When I first started playing I was a maniac! I had no real structure to my practice. I just put in the hours and hoped that I got better. And I did! But there was a problem. I practiced something different almost every day. My practice "schedule" changed from one day to the next. This created two major negative side effects...

1. Sore hands. For example, I would often go so berserk on alternate picking exercises that my picking wrist would get incredibly sore. It would be so sore that I couldn't practice alternate picking the next day. So what did I do? I then went crazy with legato exercises. So much so that I wouldn't be able to practice legato the next day. So I went back to my trusty alternate picking. Mmmm...there's a pattern emerging here. :-)
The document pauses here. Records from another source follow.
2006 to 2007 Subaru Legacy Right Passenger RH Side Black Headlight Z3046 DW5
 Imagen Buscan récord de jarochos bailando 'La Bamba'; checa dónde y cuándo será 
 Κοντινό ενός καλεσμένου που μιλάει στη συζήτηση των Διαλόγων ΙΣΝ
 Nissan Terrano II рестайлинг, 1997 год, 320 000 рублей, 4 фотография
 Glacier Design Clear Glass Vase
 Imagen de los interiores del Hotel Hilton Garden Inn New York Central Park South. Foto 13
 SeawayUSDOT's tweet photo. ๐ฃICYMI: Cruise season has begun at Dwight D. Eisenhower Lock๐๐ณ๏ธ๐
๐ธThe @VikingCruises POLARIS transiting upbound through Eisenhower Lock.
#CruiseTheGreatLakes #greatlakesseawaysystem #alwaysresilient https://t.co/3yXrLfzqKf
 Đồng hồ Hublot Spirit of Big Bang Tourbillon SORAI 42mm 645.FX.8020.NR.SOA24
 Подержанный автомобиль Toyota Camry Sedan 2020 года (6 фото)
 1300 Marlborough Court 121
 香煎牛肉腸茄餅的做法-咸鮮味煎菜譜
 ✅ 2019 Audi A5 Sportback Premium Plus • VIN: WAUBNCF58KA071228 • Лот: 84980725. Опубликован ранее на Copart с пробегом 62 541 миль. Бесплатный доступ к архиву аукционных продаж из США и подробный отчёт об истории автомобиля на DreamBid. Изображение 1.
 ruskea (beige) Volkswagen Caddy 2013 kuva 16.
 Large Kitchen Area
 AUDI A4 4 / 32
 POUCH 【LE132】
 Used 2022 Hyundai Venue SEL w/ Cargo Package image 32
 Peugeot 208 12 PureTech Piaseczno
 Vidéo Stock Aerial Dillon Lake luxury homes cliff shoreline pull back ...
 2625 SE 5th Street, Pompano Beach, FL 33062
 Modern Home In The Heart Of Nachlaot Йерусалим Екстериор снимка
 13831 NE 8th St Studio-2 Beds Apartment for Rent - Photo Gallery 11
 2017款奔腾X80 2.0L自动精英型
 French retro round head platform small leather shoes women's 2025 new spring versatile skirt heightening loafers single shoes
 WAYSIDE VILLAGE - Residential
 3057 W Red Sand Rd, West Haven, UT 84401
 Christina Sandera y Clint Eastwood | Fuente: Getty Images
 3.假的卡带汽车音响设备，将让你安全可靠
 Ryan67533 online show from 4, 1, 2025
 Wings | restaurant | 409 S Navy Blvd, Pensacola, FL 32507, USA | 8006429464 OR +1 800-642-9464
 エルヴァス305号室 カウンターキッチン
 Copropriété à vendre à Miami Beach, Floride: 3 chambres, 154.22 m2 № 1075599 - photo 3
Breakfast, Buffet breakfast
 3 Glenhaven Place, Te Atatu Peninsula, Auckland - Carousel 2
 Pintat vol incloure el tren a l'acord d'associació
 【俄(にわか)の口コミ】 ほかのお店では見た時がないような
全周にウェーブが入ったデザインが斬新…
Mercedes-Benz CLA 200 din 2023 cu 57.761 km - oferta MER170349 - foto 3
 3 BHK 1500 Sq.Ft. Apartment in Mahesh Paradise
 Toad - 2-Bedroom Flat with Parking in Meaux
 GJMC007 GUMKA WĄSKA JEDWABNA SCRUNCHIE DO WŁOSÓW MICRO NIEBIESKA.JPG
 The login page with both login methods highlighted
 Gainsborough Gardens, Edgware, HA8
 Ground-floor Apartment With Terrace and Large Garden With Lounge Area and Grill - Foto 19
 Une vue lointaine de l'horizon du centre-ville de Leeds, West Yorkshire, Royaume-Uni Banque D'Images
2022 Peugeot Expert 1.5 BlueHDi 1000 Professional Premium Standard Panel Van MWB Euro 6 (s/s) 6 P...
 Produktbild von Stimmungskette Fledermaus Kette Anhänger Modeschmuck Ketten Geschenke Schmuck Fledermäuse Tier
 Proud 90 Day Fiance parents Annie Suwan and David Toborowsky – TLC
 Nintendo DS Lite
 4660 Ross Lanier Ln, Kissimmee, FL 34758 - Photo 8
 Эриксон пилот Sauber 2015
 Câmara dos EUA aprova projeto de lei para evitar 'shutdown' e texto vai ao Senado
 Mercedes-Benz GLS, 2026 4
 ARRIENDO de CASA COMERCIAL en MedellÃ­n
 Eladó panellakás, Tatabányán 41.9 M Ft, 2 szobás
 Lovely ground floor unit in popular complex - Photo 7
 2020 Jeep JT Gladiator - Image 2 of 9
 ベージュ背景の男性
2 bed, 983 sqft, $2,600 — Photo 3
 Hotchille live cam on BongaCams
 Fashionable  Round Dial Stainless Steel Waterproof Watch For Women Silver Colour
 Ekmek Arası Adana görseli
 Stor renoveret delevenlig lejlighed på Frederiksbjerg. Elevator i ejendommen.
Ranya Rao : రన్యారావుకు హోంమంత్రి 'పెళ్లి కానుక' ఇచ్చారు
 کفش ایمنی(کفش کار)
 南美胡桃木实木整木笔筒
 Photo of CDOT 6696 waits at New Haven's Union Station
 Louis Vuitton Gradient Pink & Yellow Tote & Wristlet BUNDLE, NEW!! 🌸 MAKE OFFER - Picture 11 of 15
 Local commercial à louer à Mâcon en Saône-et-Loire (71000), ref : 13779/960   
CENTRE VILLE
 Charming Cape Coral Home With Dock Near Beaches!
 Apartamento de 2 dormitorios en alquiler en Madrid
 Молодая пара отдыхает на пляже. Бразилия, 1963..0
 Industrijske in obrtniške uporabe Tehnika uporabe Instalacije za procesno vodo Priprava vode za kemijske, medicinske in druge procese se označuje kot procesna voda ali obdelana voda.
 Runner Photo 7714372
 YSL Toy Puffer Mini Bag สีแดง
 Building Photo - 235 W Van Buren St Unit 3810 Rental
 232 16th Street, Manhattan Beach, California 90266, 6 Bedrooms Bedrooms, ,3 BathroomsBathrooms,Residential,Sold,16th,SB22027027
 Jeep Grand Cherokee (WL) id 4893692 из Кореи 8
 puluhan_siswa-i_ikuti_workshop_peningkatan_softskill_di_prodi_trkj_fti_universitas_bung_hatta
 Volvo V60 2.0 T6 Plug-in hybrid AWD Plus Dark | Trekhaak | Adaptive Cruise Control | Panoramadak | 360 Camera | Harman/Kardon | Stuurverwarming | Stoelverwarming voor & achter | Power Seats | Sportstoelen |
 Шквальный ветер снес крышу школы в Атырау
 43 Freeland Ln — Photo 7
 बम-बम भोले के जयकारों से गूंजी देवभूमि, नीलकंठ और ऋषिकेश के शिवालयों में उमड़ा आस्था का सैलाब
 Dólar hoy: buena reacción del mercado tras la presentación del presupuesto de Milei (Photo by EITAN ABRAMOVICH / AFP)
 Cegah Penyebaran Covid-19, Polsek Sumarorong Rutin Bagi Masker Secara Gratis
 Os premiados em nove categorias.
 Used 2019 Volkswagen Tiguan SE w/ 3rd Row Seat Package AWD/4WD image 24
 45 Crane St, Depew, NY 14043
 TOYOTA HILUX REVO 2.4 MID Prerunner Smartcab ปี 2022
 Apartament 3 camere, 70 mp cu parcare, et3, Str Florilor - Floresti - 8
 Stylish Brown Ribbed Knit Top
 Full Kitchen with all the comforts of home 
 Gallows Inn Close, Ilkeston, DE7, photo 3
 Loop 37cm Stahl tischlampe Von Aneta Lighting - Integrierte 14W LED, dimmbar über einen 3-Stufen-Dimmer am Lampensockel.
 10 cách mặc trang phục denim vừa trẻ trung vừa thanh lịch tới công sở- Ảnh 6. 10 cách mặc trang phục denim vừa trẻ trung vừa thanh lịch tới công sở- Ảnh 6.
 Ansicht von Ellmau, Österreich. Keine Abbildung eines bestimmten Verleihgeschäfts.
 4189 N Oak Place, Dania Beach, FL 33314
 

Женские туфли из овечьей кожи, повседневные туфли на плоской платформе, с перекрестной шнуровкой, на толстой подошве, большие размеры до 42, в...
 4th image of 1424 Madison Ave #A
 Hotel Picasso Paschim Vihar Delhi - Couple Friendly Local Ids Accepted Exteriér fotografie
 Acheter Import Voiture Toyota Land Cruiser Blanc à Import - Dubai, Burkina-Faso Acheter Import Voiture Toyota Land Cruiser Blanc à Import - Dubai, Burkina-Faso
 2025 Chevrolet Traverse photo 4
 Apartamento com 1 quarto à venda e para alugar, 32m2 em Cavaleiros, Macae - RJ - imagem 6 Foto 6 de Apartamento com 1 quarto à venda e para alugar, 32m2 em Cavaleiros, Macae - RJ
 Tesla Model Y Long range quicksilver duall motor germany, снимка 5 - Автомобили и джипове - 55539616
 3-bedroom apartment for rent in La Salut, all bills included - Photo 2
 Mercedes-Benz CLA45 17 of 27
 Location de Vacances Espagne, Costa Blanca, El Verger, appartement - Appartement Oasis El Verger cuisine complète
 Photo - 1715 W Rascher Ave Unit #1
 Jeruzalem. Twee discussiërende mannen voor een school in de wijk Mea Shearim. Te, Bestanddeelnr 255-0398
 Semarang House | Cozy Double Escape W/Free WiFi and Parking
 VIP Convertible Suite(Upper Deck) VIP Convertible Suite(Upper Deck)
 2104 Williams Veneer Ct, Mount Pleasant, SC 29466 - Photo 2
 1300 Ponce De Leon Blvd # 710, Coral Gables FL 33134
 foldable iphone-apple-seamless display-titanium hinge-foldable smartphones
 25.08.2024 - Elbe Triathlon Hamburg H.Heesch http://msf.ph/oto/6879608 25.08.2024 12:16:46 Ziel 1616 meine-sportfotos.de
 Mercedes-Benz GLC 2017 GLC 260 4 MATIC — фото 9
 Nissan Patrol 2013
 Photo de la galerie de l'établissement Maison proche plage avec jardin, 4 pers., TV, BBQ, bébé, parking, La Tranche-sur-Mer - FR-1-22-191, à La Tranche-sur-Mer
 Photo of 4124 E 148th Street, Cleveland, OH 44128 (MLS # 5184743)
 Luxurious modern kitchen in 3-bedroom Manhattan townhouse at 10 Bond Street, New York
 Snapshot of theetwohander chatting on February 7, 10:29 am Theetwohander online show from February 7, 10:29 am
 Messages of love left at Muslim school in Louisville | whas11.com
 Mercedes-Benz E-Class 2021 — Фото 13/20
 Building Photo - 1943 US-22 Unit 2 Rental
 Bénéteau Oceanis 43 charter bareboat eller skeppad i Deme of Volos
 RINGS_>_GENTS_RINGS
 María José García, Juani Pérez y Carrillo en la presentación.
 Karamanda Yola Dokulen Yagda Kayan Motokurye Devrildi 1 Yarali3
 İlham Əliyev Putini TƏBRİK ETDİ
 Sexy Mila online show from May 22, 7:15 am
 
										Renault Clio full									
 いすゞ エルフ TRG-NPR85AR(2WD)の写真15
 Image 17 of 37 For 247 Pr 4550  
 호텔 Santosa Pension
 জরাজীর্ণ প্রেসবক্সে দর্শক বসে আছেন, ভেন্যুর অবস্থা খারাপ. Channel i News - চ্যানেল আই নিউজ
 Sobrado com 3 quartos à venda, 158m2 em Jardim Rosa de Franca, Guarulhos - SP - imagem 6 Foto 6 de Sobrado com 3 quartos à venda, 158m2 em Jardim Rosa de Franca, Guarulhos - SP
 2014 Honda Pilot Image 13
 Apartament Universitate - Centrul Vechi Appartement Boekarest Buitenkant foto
2. Slower Progress. Now, don't get me wrong. I progressed faster than any of my friends. But I definitely don't think I progressed at my fastest possible rate. If I had practiced less on an exercise, but did it EVERY day I think my progress would have been much faster.

I guess the moral of the story is to temper your enthusiasm with intelligence. Let's look at how to start to be more consistent with your practice...

*Step One*

Decide on something that you would like to master. Make it something short like a lick, scale or perhaps a few bars of a song.

*Step Two*

Decide on a speed goal for the thing that you have chosen. This will be your target tempo. Make it challenging. Something that will make you a significantly better player once you have achieved it. Of course, you need to keep in mind your current playing level. If you are a beginner and you set a speed goal of sixteenth notes at 240bpm, you are definitely setting yourself up for a failure!

*Step Three*

Decide on how much time you'll invest practicing the thing that you have chosen. I would recommend setting a goal of 10-15 minutes a day. A small amount done daily will give you better results than hours done irregularly.

*Step Four*

Make a commitment to practice what you have chosen on a daily basis. The key is to practice it every single day until your speed goal has been reached. No excuses,no crying, no moaning, no exceptions.

*Step Five*

Get to work! This is the step that requires discipline. It could take weeks or months to achieve your speed goal! Just keep in mind that anyone can write down a goal, but unfortunately VERY few people will follow it though to completion. That's probably why there are so many more guitar OWNERS than guitar PLAYERS ;-)

I invite you to try this approach to guitar practice. I've found that it really helps me, and I'm sure you'll benefit from it as well!